Over time, Izumi’s exhibitions have taken on an important immersive dimension. It is through the exhibition medium that the artist inhabits spaces and develops his narratives. This has led him to view the exhibition as a work of art in its own right. For Museum Tinguely, Izumi regarded every piece as a living organ that together compose the body of the show. The exhibition breathes, vibrates, moves, talks, sings, lights up. Screens are ubiquitous invaders: they punctuate the rooms, perch on the floor and ceiling, cling to walls, tilt in the air. On Izumi’s supports, video bewilders—it captures, it captivates, and it saturates the viewers’ attention as they continuously attempt to intercept it. An encounter with this lush, ever-expanding universe promises jumbles, bounces, and overlaps. It means entering a visual and mental kaleidoscope.
Catalogue
The show is accompanied by a catalogue that, for the first time, provides a comprehensive, in-depth account of Izumi’s work.
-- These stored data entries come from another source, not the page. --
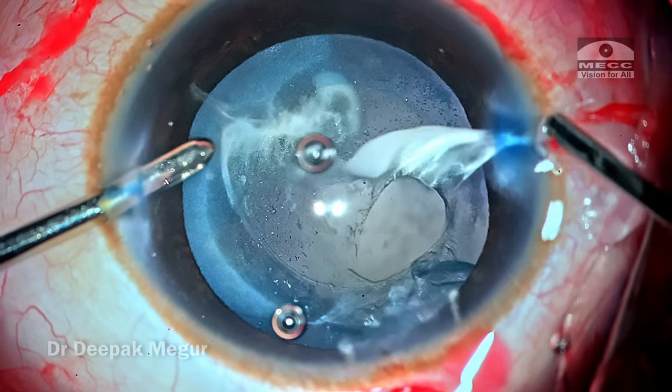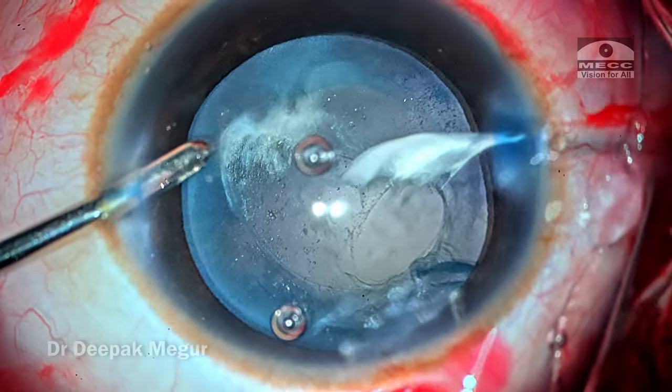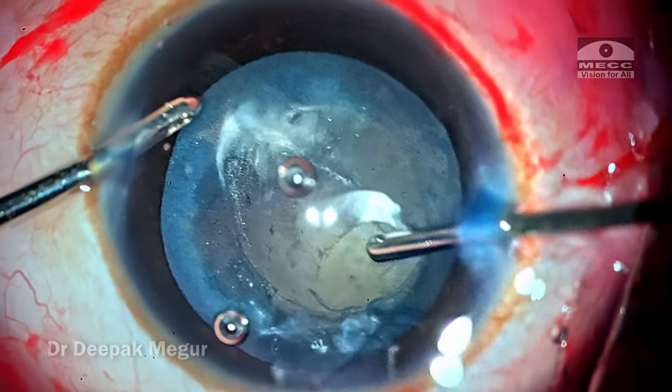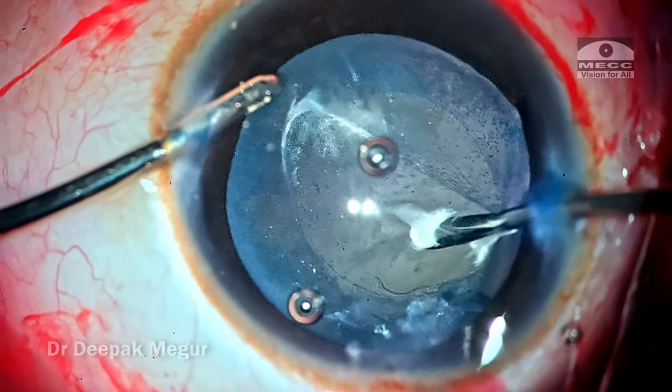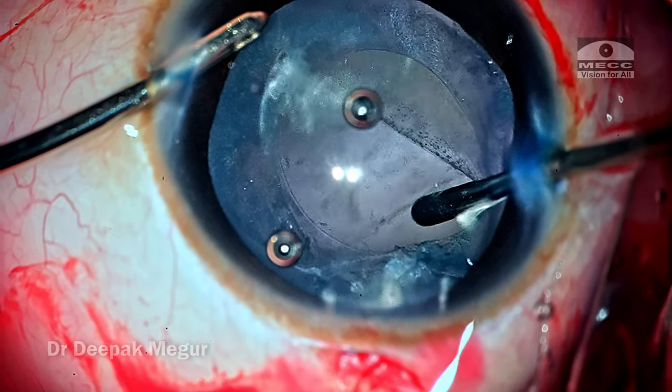You can see the vitreous peeking its way towards the wound. Time to perform the anterior vitrectomy. The vitrector takes care of the vitreous near the wound, and then it is positioned below the level of the posterior capsular tear and below the anterior hyaloid tear to perform a limited anterior vitrectomy.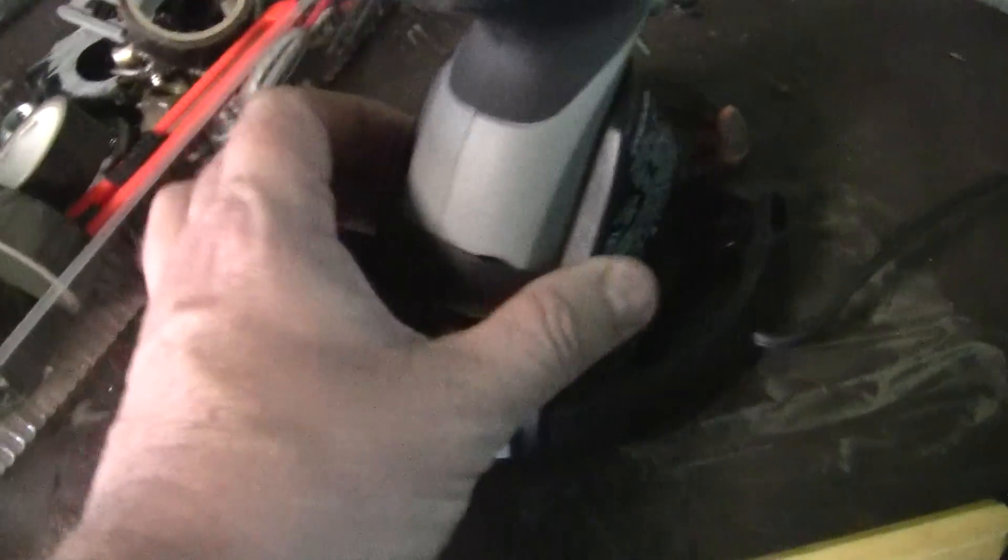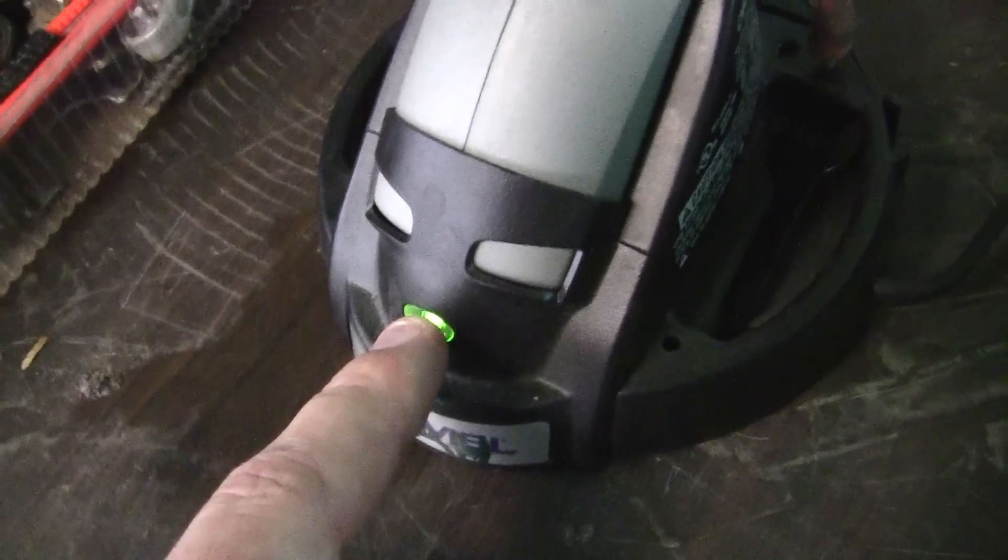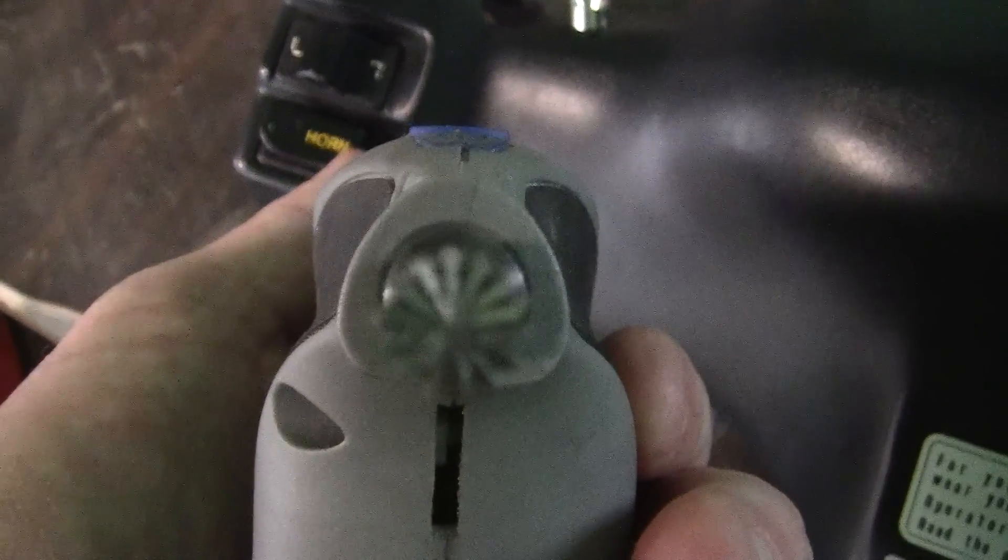This is the Dremel that I talked about. It comes in its own little base here, and I think when this light goes off it's charged. It's a stainless steel bit — that's a good bevel right there.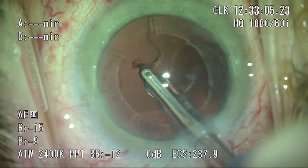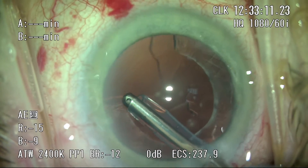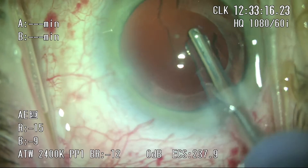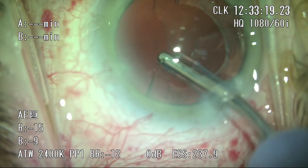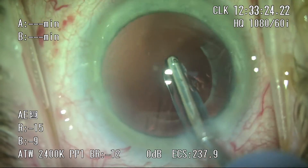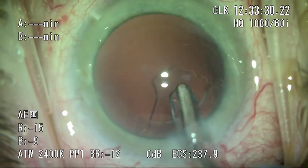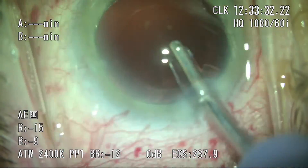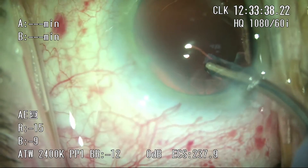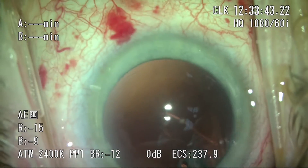A quick word on microincisional cataract surgery: during irrigation and aspiration, the sleeve on the IA tip completely obstructs and seals the corneal wound. As a result, there's very little to no fluid egress, resulting in tremendous anterior chamber stability, which really allows us to go after subincisional cortex much more easily. Particularly in femto-assisted cataract surgery where subincisional cortex is more difficult to get, this provides a real advantage. That said, in about 30% of cases we do need bimanual irrigation-aspiration for the subincisional cortex.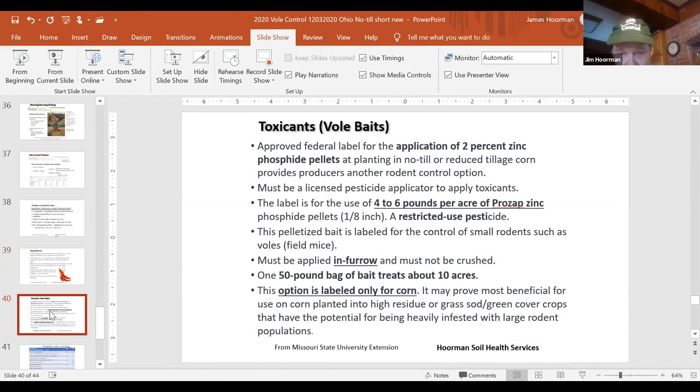Here's information on the zinc phosphide pellets. It's a 2% zinc phosphide pellet, about an eighth of an inch long. It is a restricted use pesticide. You do have to put them in-furrow and need about four to six pounds per acre. The product is called Prozat. A 50-pound bag will treat about 10 acres, and it is only labeled for corn.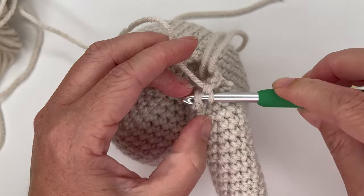For round 3, we're going to half double crochet increase in each stitch around — two half double crochets in each stitch, going from 18 stitches to 36. Yarn over, insert hook into the first stitch, grab yarn, pull up a loop — three loops on hook — yarn over, pull through all three. That's the half double crochet. Do it again in the same spot for the increase. Repeat all the way around for 36 half double crochet stitches.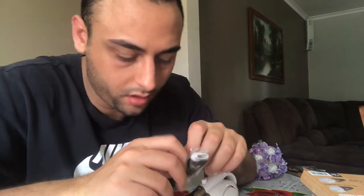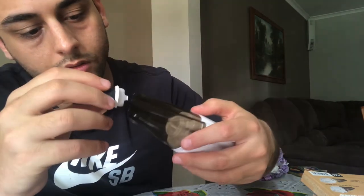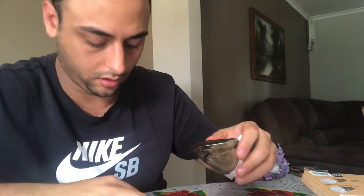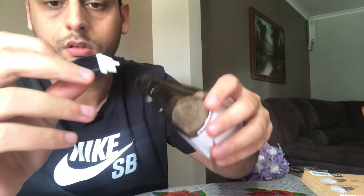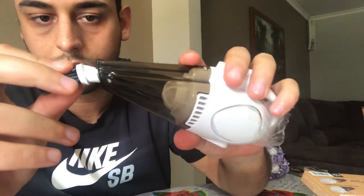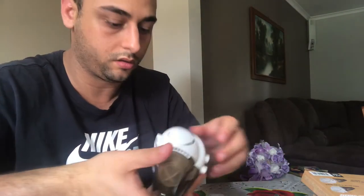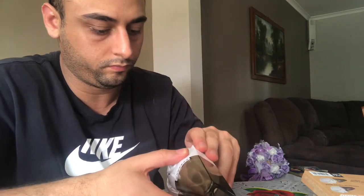I came back, guys. There's one more accessory inside — you can attach this piece to the front. I'm going to put the batteries in and just turn it on to test it.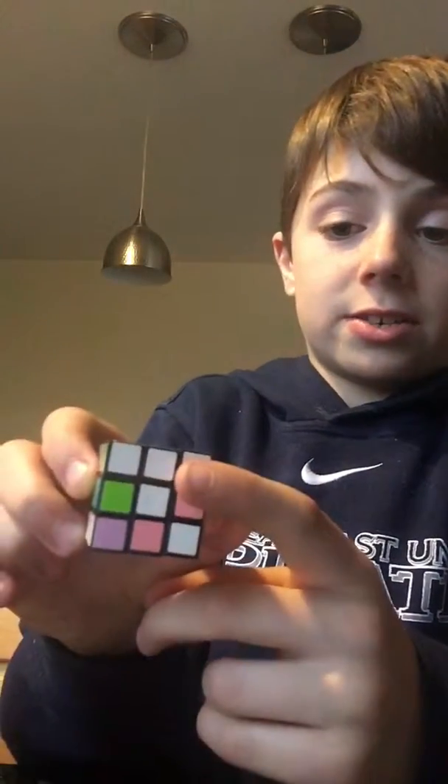As you can see right there, right there, right there — this is a really cool Rubik's Cube and I really like playing with it.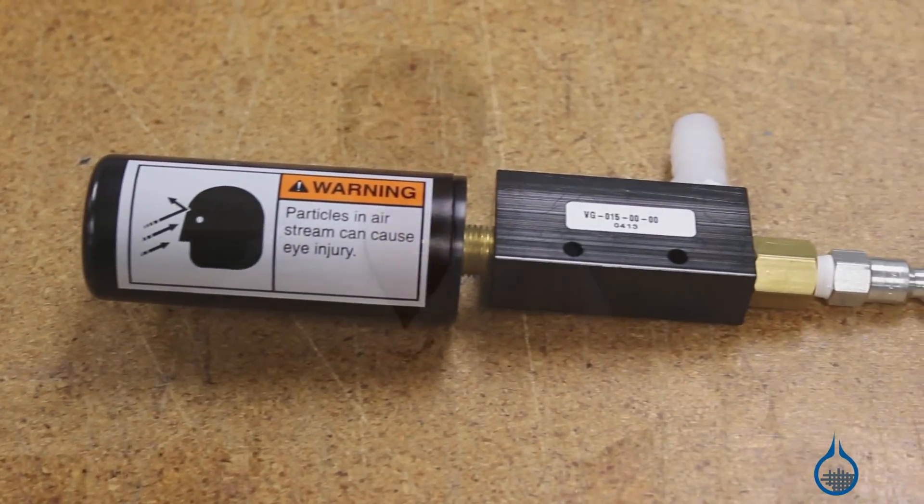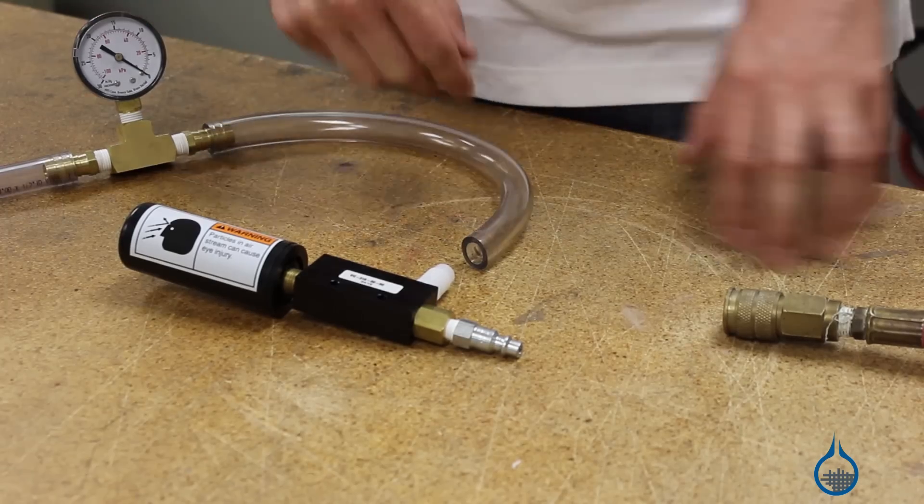Setup is also easy. Simply attach your half-inch vacuum tubing to the barbed fitting and your air supply hose to the quick connect fitting.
It was produced in close collaboration with the artist, who selected and elaborated its iconographic corpus. Richly illustrated and containing critical essays and interviews, it examines his career in great detail. Translating an idea of circularity and constant movement, it can be read horizontally as well as vertically; it is a playful object meant to be observed, touched, and interpreted in many different ways. It unveils the artist’s recurrent themes, such as architecture, the animal world, and conceptual issues related to artistic creation. It includes a preface by Roland Wetzel, an extensive essay on Izumi’s artistic trajectory by Séverine Fromaigeat, a text on the ontological nature of his works by Keren Goldberg, a dialogue between architect Jun Aoki and curator Kenjiro Hosaka, a brief biographical description by Jean de Loisy, epistolary interludes by curator Gabriel Ritter, and zoologist Robert Zingg’s insight into the animal world.